JAKARTA - Seniman Djaduk Ferianto tutup usia pada Rabu (13/11/2019). Hal tersebut dikabarkan oleh kakaknya, Butet Kartaredjasa melalui akun instagramnya @masbutet. Ia mengunggah foto berlatar belakang hitam dengan tulisan berwana putih "Sumangga Gusti".
Djaduk Ferianto yang dikenal sebagai seniman kondang multitalenta itu tutup usia di umur 55 tahun karena serangan jantung. Rencananya, Djaduk Ferianto akan dimakamkan di Pendopo Seni Bagong Kussudiardja pada Rabu (13/11/2019) pukul 15.00 WIB.
Seniman yang memiliki nama lengkap Gregorius Djaduk Ferianto itu lahir di Yogyakarta pada 19 Juli 1964. Ia adalah anak bungsu dari Bagong Kussudiardja dan adik dari monolog kawakan Butet Kartaredjasa.
Baca juga: Sebelum Meninggal Dunia, Djaduk Ferianto Berniat Hadiri Festival Ngayogjazz
Djaduk Ferianto saat lahir awalnya diberi nama Guritno oleh pamannya, namun pemberian nama dari pamannya tak bertahan lama karena ia kerap sakit-sakitan. Di usia 10 tahun, ayah nya mengganti nama Guritno menjadi Djaduk yang artinya unggul.
Sejak umur 8 tahun, Djaduk Ferianto sudah aktif menari di sanggar pelatihan milik Ayahnya. Djaduk juga merupakan jebolan Fakultas Seni Rupa dan Desain ISI Yogyakarta. Dia terbilang beruntung karena lahir dan tumbuh di lingkungan seni yang sangat mendukung kariernya di bidang seni musik dan teater.
Dengan keterampilan seni yang dimilki, pada tahun 1972 ia muncul dengan musik tradisional kendang, Djaduk membentuk kelompok musik anak-anak yang diberi nama Rheze.
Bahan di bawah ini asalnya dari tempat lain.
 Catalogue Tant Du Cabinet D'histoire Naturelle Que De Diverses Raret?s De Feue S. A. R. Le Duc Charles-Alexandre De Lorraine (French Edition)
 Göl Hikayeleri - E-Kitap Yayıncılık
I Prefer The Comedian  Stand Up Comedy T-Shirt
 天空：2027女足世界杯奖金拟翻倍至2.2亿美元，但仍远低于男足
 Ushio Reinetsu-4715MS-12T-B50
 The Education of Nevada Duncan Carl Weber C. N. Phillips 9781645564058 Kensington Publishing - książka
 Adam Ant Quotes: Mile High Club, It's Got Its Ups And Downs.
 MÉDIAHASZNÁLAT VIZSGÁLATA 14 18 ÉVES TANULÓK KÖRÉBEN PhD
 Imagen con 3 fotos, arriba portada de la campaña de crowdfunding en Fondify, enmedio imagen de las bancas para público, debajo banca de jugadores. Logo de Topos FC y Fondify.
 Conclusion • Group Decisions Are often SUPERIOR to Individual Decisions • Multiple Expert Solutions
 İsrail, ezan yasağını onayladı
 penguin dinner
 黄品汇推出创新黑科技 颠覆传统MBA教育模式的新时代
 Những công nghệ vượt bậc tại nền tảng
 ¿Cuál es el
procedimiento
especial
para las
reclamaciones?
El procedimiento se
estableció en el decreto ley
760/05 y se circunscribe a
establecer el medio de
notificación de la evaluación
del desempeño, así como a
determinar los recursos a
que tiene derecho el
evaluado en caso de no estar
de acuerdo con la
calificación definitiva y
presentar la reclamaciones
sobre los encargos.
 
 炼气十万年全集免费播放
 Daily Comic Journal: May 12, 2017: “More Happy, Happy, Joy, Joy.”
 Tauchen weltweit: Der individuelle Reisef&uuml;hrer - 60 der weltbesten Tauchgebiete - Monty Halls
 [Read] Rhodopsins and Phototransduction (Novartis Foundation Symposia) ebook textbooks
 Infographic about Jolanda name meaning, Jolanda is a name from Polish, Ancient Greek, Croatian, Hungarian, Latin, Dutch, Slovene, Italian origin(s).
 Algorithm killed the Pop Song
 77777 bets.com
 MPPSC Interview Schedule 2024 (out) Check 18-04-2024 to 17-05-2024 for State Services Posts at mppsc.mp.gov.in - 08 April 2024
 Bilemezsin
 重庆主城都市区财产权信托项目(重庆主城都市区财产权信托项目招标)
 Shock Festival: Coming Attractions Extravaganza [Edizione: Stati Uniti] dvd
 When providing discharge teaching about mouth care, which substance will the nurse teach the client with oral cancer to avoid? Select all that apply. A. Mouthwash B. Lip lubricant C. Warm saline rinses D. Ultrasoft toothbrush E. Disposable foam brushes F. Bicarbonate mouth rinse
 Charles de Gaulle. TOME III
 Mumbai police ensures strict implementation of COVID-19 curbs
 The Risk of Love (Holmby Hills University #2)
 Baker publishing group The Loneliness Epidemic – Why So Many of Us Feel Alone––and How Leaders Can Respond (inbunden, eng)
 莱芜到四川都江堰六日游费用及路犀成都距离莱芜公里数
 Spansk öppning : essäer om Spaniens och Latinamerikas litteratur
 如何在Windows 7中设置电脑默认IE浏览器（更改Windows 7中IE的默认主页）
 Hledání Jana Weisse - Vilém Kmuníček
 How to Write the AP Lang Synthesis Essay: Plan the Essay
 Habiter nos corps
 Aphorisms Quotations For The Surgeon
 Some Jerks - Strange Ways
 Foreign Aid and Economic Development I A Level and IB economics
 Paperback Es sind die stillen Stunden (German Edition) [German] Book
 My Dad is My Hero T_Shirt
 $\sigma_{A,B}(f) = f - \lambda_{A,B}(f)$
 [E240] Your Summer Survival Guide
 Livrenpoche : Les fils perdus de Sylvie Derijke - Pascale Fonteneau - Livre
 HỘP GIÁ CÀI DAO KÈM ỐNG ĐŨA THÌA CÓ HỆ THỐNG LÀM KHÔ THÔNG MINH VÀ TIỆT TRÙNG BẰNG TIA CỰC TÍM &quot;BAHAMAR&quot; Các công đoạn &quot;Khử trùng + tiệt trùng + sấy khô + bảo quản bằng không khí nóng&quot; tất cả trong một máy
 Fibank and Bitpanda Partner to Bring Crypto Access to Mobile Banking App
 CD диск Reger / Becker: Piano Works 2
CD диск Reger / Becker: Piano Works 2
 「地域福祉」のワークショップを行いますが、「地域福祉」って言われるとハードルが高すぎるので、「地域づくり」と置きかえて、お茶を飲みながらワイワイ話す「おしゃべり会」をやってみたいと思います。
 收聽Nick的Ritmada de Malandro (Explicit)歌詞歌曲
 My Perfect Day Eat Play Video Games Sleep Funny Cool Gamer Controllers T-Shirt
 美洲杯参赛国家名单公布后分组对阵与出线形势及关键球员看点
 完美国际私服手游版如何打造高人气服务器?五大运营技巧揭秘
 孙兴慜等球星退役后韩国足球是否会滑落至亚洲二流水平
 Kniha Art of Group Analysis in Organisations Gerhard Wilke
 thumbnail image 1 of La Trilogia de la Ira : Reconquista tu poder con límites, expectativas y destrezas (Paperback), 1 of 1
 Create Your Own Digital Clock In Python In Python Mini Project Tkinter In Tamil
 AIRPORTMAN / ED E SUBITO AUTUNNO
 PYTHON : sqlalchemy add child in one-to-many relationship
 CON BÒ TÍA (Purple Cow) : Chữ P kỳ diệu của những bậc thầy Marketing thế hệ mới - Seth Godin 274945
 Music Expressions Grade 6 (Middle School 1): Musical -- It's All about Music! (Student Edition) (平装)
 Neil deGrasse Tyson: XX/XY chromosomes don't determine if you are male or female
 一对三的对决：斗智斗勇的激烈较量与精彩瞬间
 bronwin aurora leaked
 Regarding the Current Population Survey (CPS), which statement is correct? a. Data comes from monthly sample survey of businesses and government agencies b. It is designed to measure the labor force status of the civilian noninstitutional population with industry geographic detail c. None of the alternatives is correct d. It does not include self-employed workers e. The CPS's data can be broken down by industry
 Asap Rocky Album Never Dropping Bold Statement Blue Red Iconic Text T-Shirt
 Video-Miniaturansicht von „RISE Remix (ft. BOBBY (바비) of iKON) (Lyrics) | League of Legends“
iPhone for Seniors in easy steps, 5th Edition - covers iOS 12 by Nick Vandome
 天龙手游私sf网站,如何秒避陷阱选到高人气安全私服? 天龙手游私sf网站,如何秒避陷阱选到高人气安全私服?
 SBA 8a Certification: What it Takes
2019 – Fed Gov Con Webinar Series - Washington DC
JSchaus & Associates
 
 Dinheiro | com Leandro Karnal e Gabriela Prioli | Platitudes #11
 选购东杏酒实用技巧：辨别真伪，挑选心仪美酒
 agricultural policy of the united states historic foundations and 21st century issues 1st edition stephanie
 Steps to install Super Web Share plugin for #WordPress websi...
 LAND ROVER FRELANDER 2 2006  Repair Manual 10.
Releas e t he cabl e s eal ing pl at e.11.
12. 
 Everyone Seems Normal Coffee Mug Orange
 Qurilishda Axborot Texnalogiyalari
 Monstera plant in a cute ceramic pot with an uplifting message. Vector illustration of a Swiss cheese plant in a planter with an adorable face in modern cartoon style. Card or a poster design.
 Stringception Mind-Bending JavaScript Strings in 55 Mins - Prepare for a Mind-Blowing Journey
Pada saat itu, ia juga mendirikan grup musik Wathathita di Taman Madya Tamansiswa tempat dia sekolah dulu.
Baca juga: Dipolisikan, Akun YouTube Hikmah Kehidupan Minta Maaf pada Ruben Onsu
Djaduk sesungguhnya tak hanya kuat dalam penggarapan musik kreatif berbasis instrumen perkusi tradisional saja. Pada tahun 1985, ia bergabung dalam Teater Gandrik, Djaduk tampil sebagai penghibur yang kreatif lewat berbagai karya pantomim dan gerak tari. Bersama Teater Gandrik, Djaduk mendapatkan kesempatan tampil ke berbagai negara, dari Jerman, Denmark, Swedia, Belanda, dan Turki.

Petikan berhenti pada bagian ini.